• **PROBLEM**: Leaving the pictures aside, return the listing exactly as it appears.

• **DATA EXTRACT**:
= = = = =
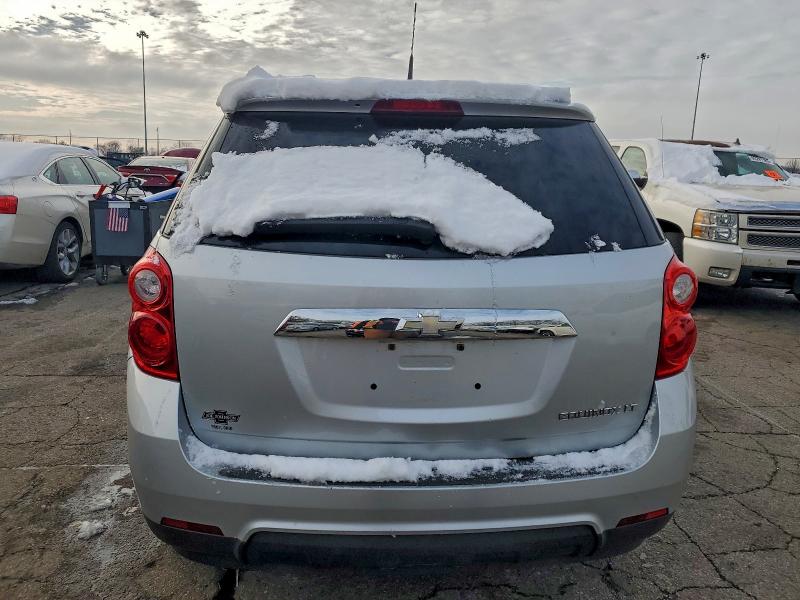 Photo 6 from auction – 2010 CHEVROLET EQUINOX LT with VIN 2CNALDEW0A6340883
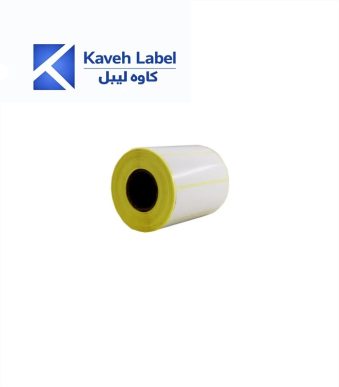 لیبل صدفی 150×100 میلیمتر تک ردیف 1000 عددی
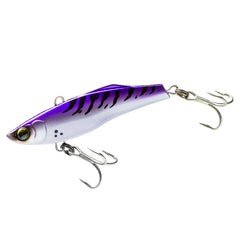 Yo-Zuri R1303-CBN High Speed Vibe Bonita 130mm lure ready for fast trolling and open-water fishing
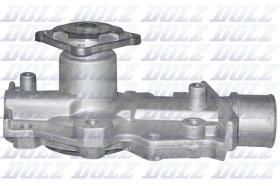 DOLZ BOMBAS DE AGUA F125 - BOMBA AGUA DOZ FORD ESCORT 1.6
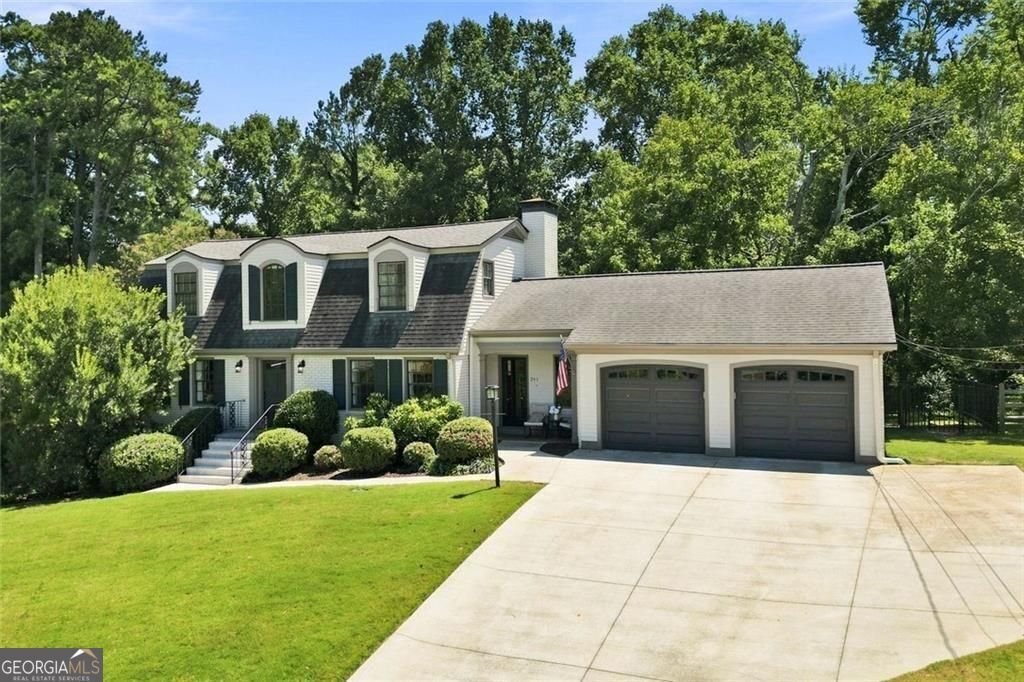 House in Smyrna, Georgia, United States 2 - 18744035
= = = = =
• **YOUR RESPONSE**:
 Photo 6 from auction – 2010 CHEVROLET EQUINOX LT with VIN 2CNALDEW0A6340883
 لیبل صدفی 150×100 میلیمتر تک ردیف 1000 عددی
 Yo-Zuri R1303-CBN High Speed Vibe Bonita 130mm lure ready for fast trolling and open-water fishing
 DOLZ BOMBAS DE AGUA F125 - BOMBA AGUA DOZ FORD ESCORT 1.6
 House in Smyrna, Georgia, United States 2 - 18744035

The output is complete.